- _WHAT THIS TASK INVOLVES_:
Only the lines from the one holding "Black spider emblem" to the end of the data should be echoed, exactly as they appear, minus the pictures.

━━━ GIVEN DATA ━━━

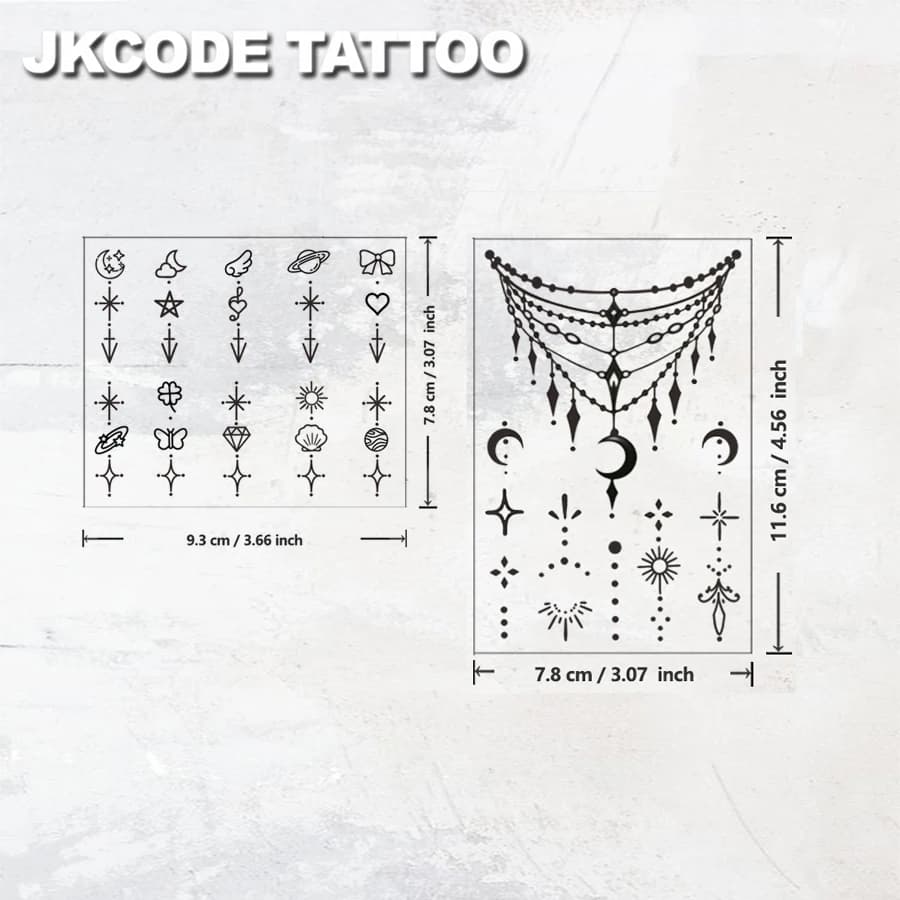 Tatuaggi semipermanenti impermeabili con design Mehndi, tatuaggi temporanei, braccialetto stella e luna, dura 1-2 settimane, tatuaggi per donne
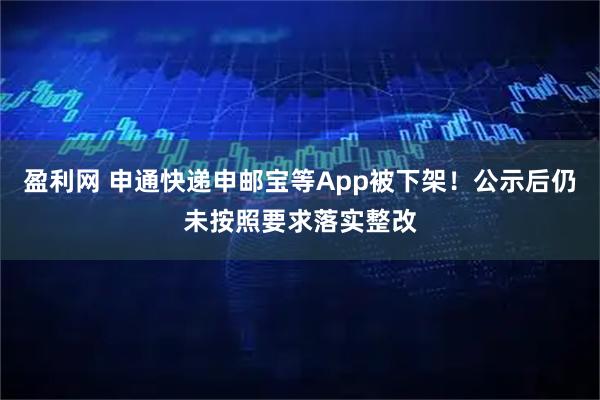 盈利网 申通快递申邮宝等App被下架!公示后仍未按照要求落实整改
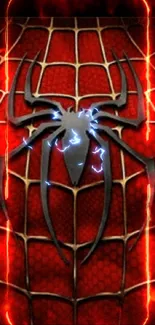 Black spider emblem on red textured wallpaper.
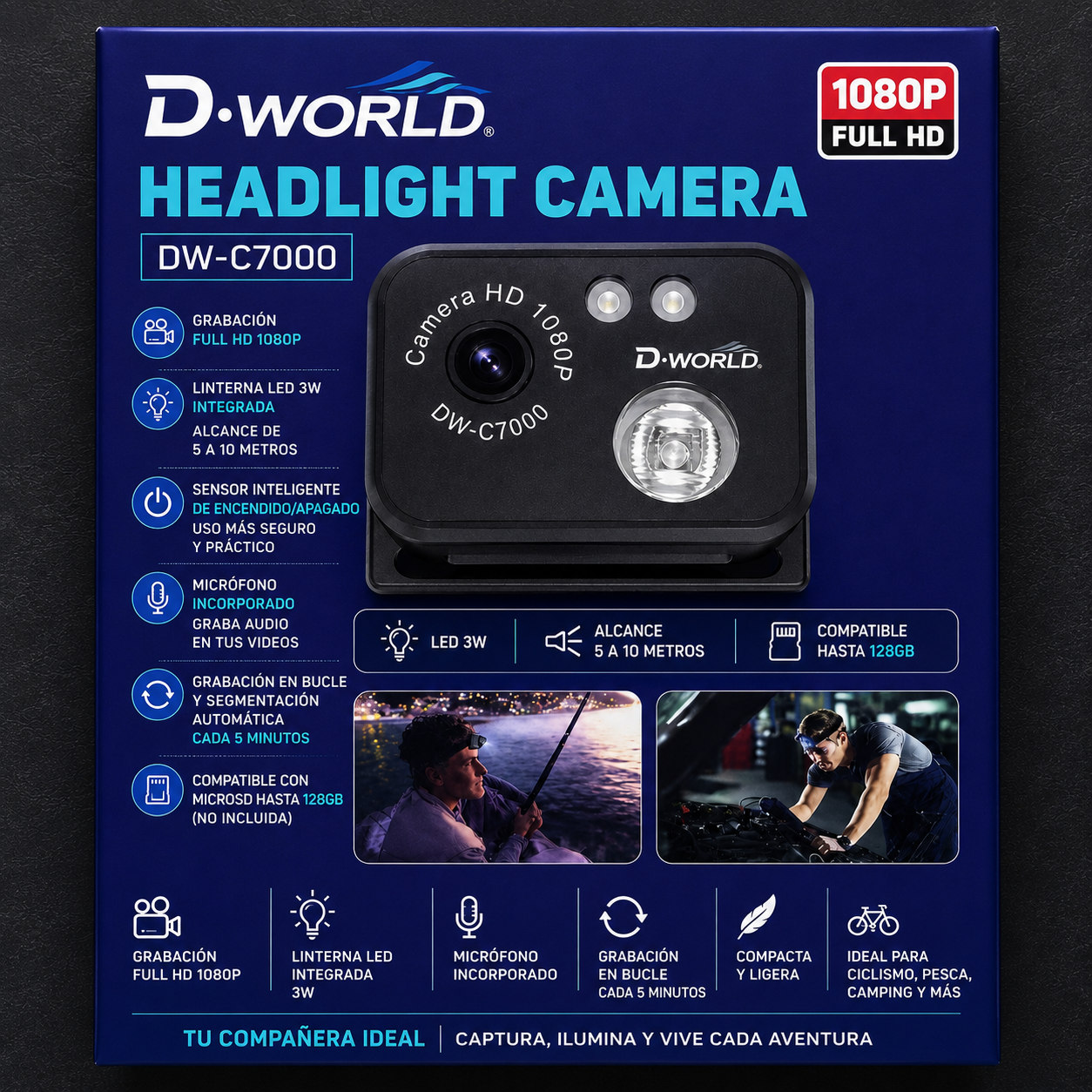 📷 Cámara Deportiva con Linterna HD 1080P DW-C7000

━━━

- _OUTPUT FOR THIS EXERCISE_:
 Black spider emblem on red textured wallpaper.
 📷 Cámara Deportiva con Linterna HD 1080P DW-C7000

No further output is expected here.